The city requested to put a barrier around the spring to protect it from the mud, water and rocks that will come in the spring, but were denied.
“We were not permitted to do that construction even though it was fully permitted on Miller Spring,” said George Barnes, city manager and city clerk.
The wildfires and rains during 2011’s summer primed the area around the pipeline for mudslides, which brought Volkswagen-sized boulders down on the gravity-powered aqueduct.
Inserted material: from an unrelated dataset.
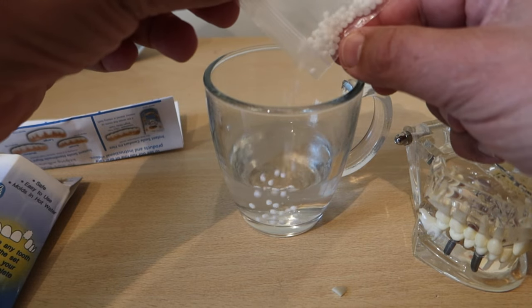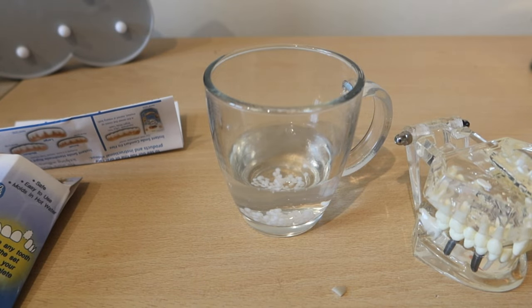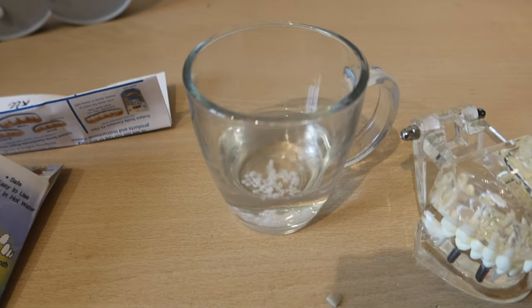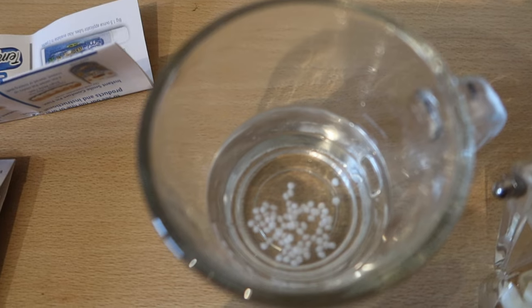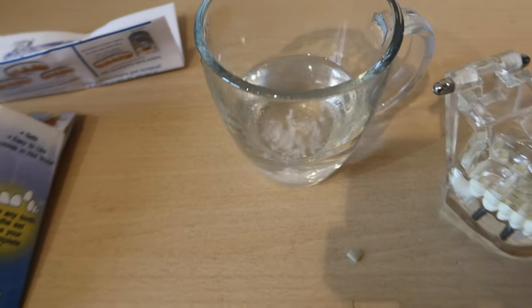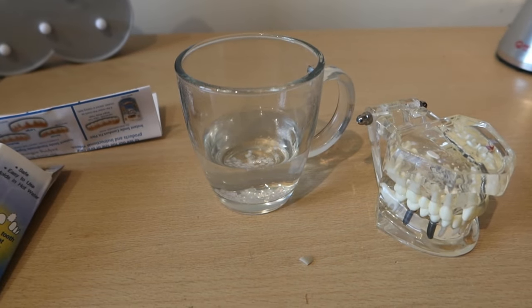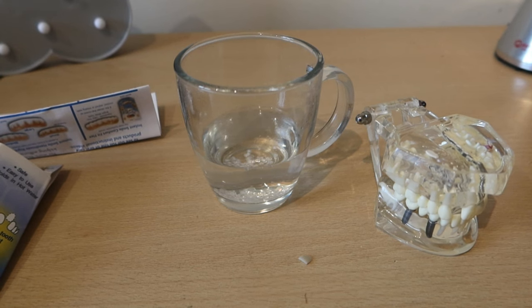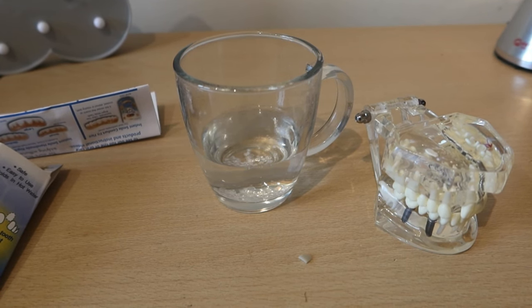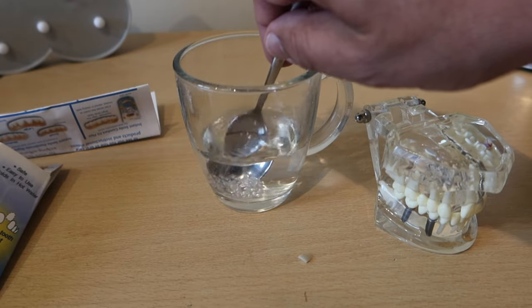There we go. This will now take a minute or so, and what you will find is that the beads change colour from white to clear, and when they're clear they're ready to be used. I'm just going to use a teaspoon to fish those out of the hot water — we're not going to need them all. You can see the colour of the beads has changed.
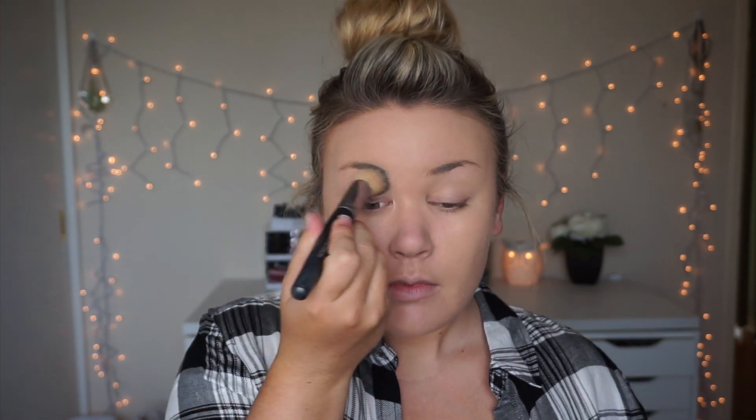Now I'm going in with the L'Oreal Infallible foundation in shade 102, applying it with a Cover FX stippling foundation brush. It's really small and tiny, so it takes quite a bit to get your finish down and everything blended. I still had some acne showing through, so I'm taking that same foundation and putting a double layer on those spots — no extra concealer, just using the double layer to do the same thing.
The pipeline, located in the Huachuca Mountains, was severely damaged and Tombstone’s main water supply has been cut off since.
“The lines are exposed and they can be swept away and we’ll probably have to go back up and put new lines on again,” Barnes said. “It’s highly likely.”
Fixing Gardner means the city is getting more water trickling into it, but no where near enough to get Tombstone out of emergency mode.
Now officials are focusing on finishing paperwork to get money released from Arizona’s emergency funds to start construction on one of the springs located outside the wilderness.
Animal migration season started on March 1 and severely limits the places that Tombstone can begin construction because the pipeline is directly in the pathway of several types of animals.
“The U.S. Forest Service decided arbitrarily that the entire wilderness is the pack boundary, but that’s not where the boundaries used to be,” Barnes said. “Seems like an awful lot of habitat, and the irony is that the habitat is destroyed after the wildfires and mudslides.”
Now the city is hoping to start digging and constructing on the few springs outside the boundary.
“We’re doing the best we can to fix what we can,” Barnes said.
When the migration season ends is not clear yet to city officials, but it could be interpreted to be as late as August, Barnes said.
Tombstone filed suit against the U.S. Forest Service and has been in federal court since January. The judge proposed mediation and while both sides met for around nine hours, no solution was found.
Now, the trial judges asked for the case to be briefed again and have both sides narrow the information down. The next court date has not been set.